B. Smith, restaurateur, lifestyle maven and esteemed businesswoman, has passed away at age 70, according to her husband, Dan Gasby.
MORE: Living With Alzheimer’s: B. Smith & Husband Dan Gasby Share Their Inspiring Story
Gasby announced the news of his wife’s passing in a Facebook post. “It is with great sadness that my daughter Dana and I announce the passing of my wife, Barbara Elaine Smith,” he said. “B. died peacefully Saturday, February 22, 2020, at 10:50 pm, of Early-Onset Alzheimer’s Disease in our home in Long Island, New York. She was 70.”
Smith’s husband also thanked the physicians and caregivers who assisted his wife through her battle with Alzheimer’s disease. “Thank you to Dr. Sam Gandy, East End Hospice, and additional caregivers who helped us make B. comfortable in her final days, Gasby wrote. “Thank you to all the friends and fans who supported B. and our family during her journey. Thank you to everyone for respecting our privacy during this agonizing time.”
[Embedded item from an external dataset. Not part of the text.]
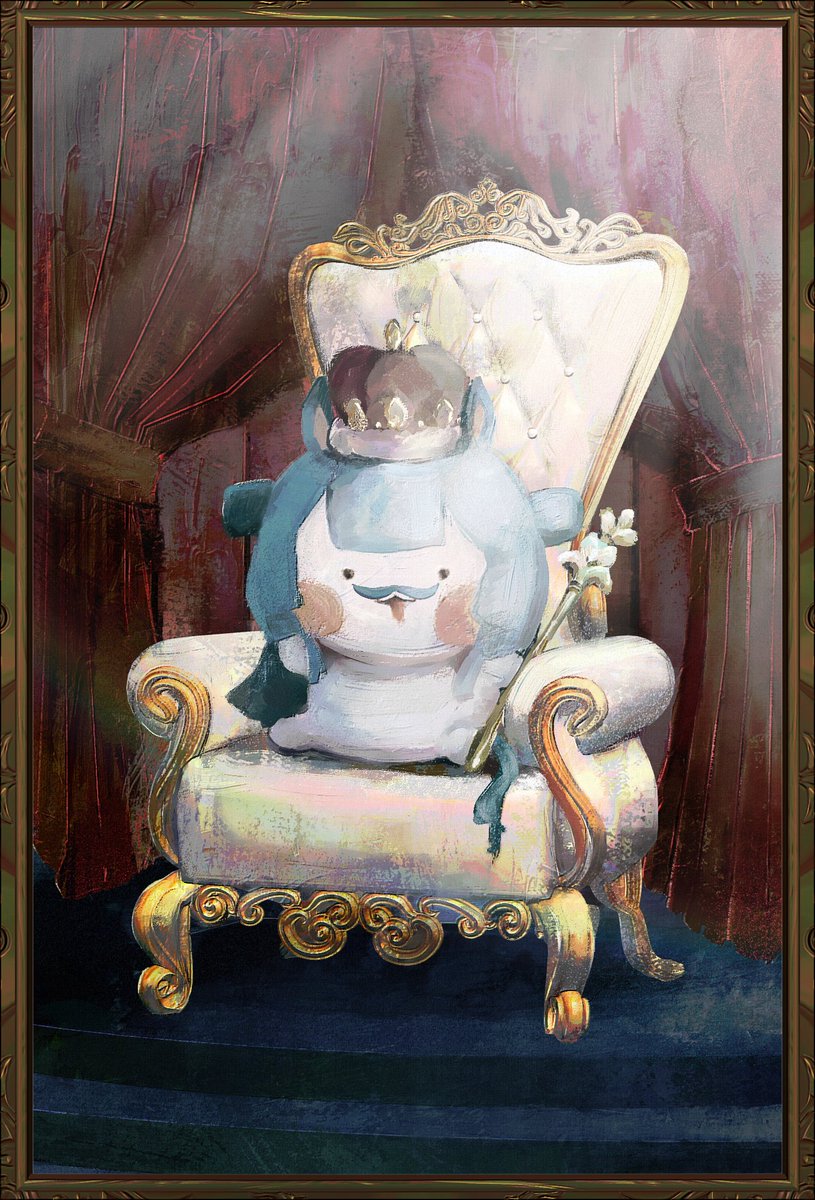 相羽るう🎠🎂 tweet media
Smith, who began her career as a model in the 1960s and was the first Black woman to grace the cover of Mademoiselle in 1976, became a lifestyle maven, a businesswoman and a restaurateur with restaurants in New York, as well as, Washington D.C. She has also written three cookbooks, B. Smith Cooks Southern Style, B. Smith’s Entertaining and Cooking for Friends, B. Smith’s Rituals and Celebrations. The D.C. and Sag Harbor and New York City locations have since closed its’ doors.
Smith was diagnosed with Alzheimer’s disease in 2013. Following Smith’s diagnosis, she and her husband wrote about their experience battling with the disease in the New York Times best-selling book, Before I Forget: Love, Hope, Help, and Acceptance in Our Fight Against Alzheimer’s.
Alzheimer’s disease is an “irreversible, progressive brain disorder that slowly destroys memory and thinking skills and, eventually, the ability to carry out the simplest tasks,” according to the National Institute on Aging. It’s not unusual for someone suffering from the disease to walk out of their home and get lost in familiar surroundings.
An estimated 5.7 million people in the United States live with Alzheimer’s. “What may surprise many is that African Americans … are far more likely to be afflicted with Alzheimer’s or dementia than whites,” USA Today reported in January.
The passing of the successful and revered businesswoman has affected many, as they have taken to social media to pay tribute to her life.
Al Roker tweeted, “We lost legendary fashion model, chef, restaurateur, lifestyle icon and magazine publisher, B Smith today. 70 years old, she and her husband, Dan Gasby were at the forefront of #alzheimers #research for people of color. Love to them and daughter, Dana. #bsmithwithstyle.”
Tamron Hall also wrote:
The couple spoke with NewsOne Now in 2016 and shared how life with the disease has been a challenge for them.
Before the diagnosis, Dan Gasby told Roland Martin, “We had everything. We didn’t need anything. We had come from nothing, made something, and our world was perfect. I could look across the room and talk to her with my eyes, we could walk into a room and light it up, light each other up, light the audience up, or in a restaurant make people feel at home,” Gasby said.
He continued by explaining how they came to discover the beginning stages of Alzheimer’s, calling it “little signs of difference.” Gasby continued, “There were outbursts of outrage about something that didn’t seem to be necessary, or repeating of a question more than one time and in rapid succession — or asking for something that was no longer there or no longer realizable.”
Smith spoke with CBS News in 2014, and revealed that prior to being diagnosed, she knew something was wrong. “I don’t know how long it was, but I guess I would say it was maybe two or three years,” she said at the time. “And I would sing sad songs: ‘You’ve abandoned me. Love don’t live here.'”
Smith said she would repeat things, or be nonresponsive to questions, for nearly four years. She then sought an opinion from a team of experts at Mount Sinai Hospital in New York. Tests and a scan of her brain was conducted, determining that “ability to think and remember were abnormal,” according to CBS News.